▶ _Task statement_:
In the entries below, identify every line with the string "Ford" and copy it.

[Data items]
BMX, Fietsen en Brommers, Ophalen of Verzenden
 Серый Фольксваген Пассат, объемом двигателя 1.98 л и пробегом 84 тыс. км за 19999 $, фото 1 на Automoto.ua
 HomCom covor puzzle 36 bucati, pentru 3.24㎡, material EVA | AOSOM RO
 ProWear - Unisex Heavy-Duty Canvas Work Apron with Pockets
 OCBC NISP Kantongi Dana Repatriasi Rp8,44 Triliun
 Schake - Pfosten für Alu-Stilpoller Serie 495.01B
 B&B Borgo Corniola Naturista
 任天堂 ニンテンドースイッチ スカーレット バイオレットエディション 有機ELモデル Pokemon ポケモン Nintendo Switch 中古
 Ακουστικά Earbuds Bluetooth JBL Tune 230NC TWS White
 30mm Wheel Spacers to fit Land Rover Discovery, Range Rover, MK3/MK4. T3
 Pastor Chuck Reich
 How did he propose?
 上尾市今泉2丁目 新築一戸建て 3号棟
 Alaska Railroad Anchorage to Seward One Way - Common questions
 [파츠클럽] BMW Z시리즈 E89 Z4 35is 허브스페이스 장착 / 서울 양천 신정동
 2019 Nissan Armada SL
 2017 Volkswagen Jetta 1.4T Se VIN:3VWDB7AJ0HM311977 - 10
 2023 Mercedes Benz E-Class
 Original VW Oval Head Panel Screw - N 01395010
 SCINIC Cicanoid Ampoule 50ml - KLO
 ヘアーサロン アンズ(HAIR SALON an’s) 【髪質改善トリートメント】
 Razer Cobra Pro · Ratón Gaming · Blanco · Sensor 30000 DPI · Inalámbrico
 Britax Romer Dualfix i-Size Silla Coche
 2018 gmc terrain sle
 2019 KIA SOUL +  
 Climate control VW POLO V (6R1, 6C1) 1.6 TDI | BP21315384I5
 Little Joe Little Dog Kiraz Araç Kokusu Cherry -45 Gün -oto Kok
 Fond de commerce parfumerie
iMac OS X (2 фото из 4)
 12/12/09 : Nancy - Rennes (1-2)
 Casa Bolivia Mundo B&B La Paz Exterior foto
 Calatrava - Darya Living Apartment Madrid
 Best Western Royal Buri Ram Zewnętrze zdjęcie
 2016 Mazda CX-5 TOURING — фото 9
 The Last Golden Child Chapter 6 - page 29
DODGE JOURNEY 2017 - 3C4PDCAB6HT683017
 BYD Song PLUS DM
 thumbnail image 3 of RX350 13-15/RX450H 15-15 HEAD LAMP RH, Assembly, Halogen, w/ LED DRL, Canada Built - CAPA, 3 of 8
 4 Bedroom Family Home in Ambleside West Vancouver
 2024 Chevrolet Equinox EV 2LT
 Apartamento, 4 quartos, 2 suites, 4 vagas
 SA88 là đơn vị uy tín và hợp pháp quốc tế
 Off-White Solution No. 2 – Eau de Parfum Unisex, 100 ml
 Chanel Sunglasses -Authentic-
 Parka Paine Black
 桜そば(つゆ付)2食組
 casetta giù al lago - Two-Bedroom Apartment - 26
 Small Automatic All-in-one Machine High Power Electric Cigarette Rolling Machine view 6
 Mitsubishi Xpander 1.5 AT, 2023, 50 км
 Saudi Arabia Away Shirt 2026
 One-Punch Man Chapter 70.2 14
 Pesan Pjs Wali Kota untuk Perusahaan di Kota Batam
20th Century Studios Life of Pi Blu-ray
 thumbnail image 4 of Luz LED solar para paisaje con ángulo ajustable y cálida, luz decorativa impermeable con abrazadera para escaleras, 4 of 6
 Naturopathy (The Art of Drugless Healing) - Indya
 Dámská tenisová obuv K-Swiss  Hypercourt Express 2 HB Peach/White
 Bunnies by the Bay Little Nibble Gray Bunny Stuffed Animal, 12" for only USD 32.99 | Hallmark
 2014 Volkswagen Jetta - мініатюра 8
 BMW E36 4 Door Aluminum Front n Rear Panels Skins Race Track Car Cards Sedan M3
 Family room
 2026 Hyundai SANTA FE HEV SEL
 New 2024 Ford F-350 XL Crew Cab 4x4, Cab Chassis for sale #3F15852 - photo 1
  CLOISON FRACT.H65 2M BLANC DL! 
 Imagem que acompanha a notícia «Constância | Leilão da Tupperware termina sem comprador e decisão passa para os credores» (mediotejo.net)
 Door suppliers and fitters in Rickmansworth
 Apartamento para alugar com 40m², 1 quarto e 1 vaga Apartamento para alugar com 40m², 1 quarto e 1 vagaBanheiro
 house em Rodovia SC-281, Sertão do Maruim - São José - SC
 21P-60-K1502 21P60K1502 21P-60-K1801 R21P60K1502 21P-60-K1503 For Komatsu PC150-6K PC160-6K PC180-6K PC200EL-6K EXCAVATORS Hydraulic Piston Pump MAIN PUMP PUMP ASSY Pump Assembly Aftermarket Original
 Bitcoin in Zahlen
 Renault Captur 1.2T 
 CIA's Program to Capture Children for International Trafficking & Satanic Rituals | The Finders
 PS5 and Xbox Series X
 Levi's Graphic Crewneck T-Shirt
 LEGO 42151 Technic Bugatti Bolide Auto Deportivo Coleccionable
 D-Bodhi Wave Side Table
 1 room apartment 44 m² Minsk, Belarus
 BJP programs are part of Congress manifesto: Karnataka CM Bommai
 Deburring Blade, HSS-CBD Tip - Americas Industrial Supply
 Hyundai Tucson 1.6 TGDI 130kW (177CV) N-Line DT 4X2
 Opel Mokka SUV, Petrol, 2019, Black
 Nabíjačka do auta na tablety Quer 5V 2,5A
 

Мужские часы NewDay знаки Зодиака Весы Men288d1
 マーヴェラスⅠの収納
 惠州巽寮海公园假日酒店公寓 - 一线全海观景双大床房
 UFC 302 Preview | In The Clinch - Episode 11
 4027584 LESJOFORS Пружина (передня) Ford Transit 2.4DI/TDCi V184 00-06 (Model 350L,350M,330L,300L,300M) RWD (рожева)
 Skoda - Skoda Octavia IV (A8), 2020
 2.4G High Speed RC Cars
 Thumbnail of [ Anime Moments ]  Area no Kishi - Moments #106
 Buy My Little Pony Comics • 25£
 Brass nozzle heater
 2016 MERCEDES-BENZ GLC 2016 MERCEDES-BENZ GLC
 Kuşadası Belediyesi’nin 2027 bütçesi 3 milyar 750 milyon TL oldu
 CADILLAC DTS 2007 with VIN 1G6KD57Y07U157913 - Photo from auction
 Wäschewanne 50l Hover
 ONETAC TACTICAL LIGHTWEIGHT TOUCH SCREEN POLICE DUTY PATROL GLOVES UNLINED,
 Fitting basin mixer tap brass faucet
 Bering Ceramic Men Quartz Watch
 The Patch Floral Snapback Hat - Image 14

▶ _Written response_:
 New 2024 Ford F-350 XL Crew Cab 4x4, Cab Chassis for sale #3F15852 - photo 1
 4027584 LESJOFORS Пружина (передня) Ford Transit 2.4DI/TDCi V184 00-06 (Model 350L,350M,330L,300L,300M) RWD (рожева)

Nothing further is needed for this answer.